Action: If a disk corresponding to a GUID is permanently lost, remove the line corresponding to it in the disktab file. Alternatively, run maprcli disk remove _MissingDisk# command, where # corresponds to the disk number, and restart the file system.
EIO Error
Failure Reason: I/O error. This could be due to a bad block or disk. The system will offline the SP after one final attempt to complete the IO.
Action: Check /var/log/messages for errors from the disk drivers.
CRC Error
Failure Reason: This could be due to a bad block or bit flip on the disk. The SP will be taken offline immediately.
Action: Run fsck -n <sp> -d to perform a CRC (Cyclic Redundancy Check) on the data blocks in the storage pool, then bring it back online.

To load all the SPs to the list of SPs, run:

mrconfig disk load or mrconfig sp load
To bring back all SPs online, run:
mrconfig sp refresh
To bring specific SPs back online, run:
mrconfig sp online <sp path>
SlowDisk Error
Failure Reason: The default value for the mfs.disk.io.timeout parameter is 60 seconds. The time to declare an IO as slow is equal to the value of this parameter (1 x mfs.disk.io.timeout). Thirty or more slow IO completions in a short span of time (5 seconds) on the same disk is recorded as a slow event. The SP will be taken offline if 3 such events are recorded within an hour.
NOTE After an hour, HPE Ezmeral Data Fabric filesystem will reset tracking (to 0).
Action:
  1. Check if the disks are good and still reliable.
  2. If disks are good, increase the value of the mfs.io.disk.timeout parameter in the /opt/mapr/conf/mfs.conf file. Otherwise, replace the disks.
GUID of disk mismatches with the one in $INSTALL_DIR/conf/disktab
Failure Reason: Possible that disk names have changed.
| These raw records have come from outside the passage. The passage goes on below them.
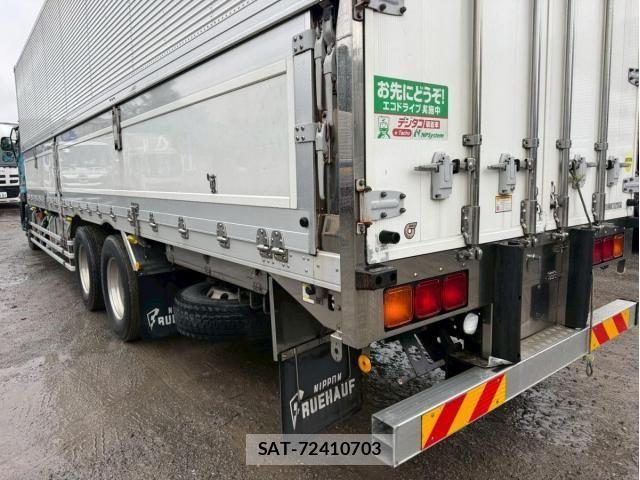 Nissan QUON 2016-01 7359450-17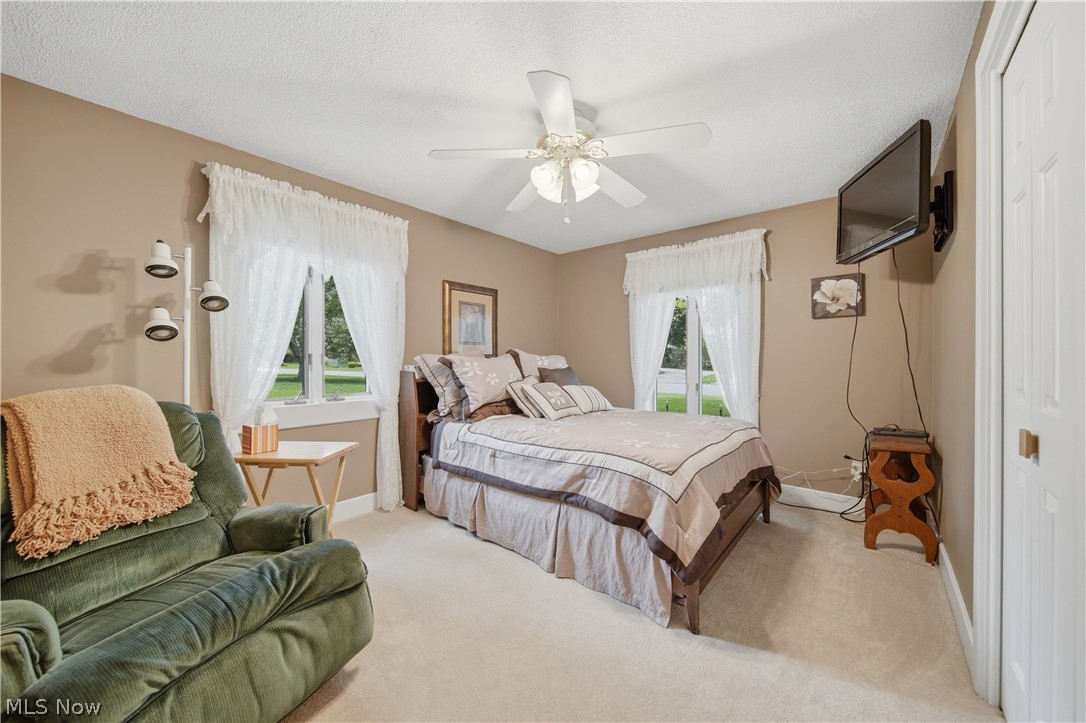 6118 Wiclif Street NE Canton OH 44721
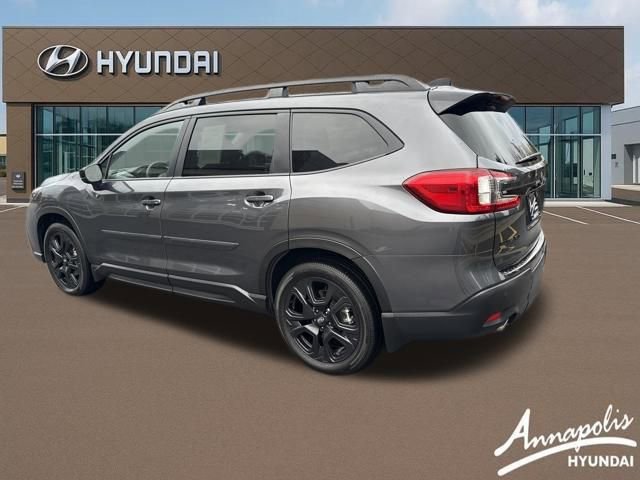 Used 2025 Subaru Ascent Bronze Edition image 3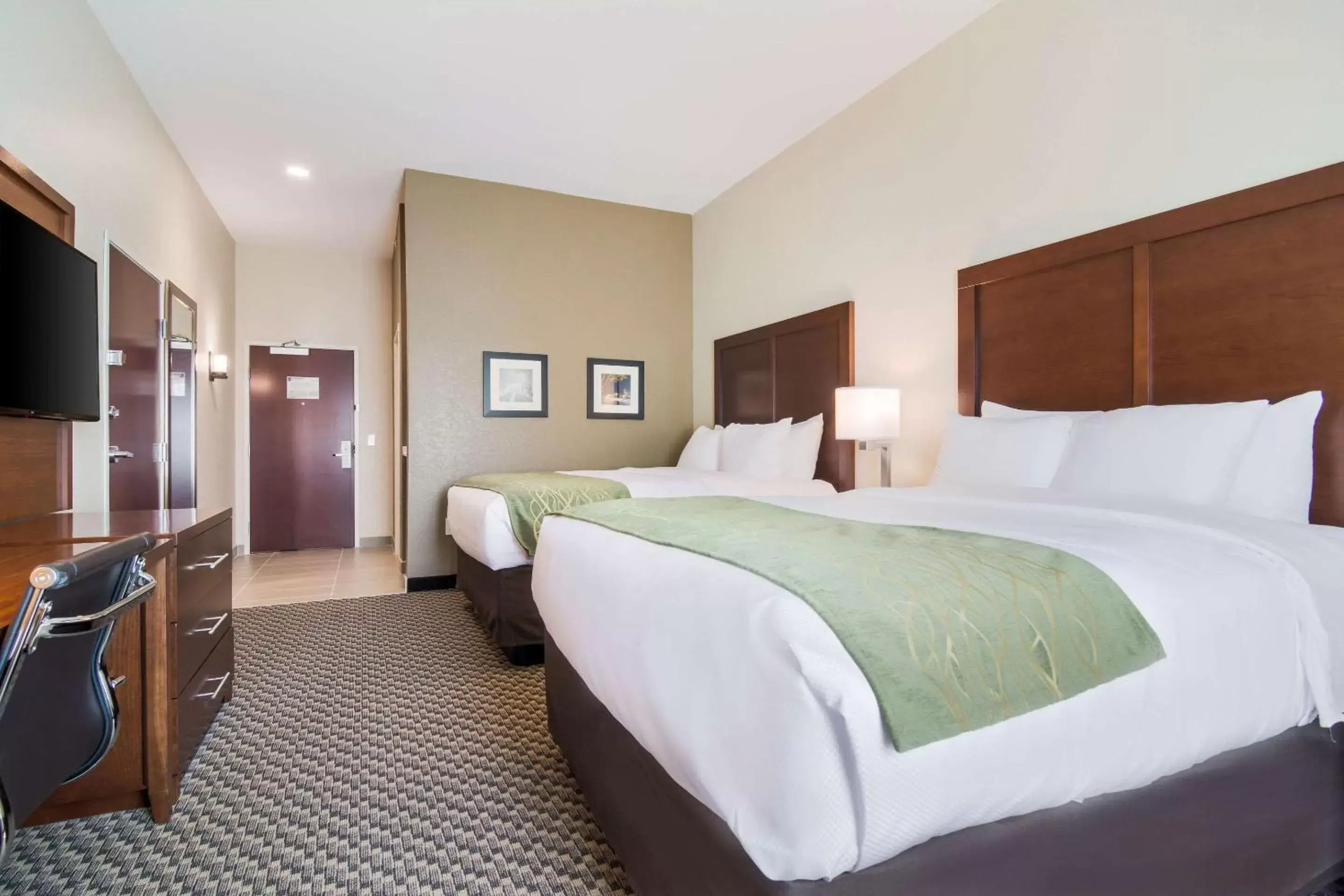 Photo of the whole room, Bed in Comfort Inn & Suites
Action: After a node restart, the operating system can reassign the drive labels (for example, /sda), resulting in drive labels no longer matching the entries in the disktab file. The disktab file contains the disk path and disk GUID that is used to load the disks in the file system. Run $INSTALL_DIR/server/disksetup -X to update the disktab file by looking up the disks in /proc/partitions and make the disk paths match the GUIDs.
Unknown Error
Failure Reason: Any reason
Action: Contact HPE Ezmeral Data Fabric support.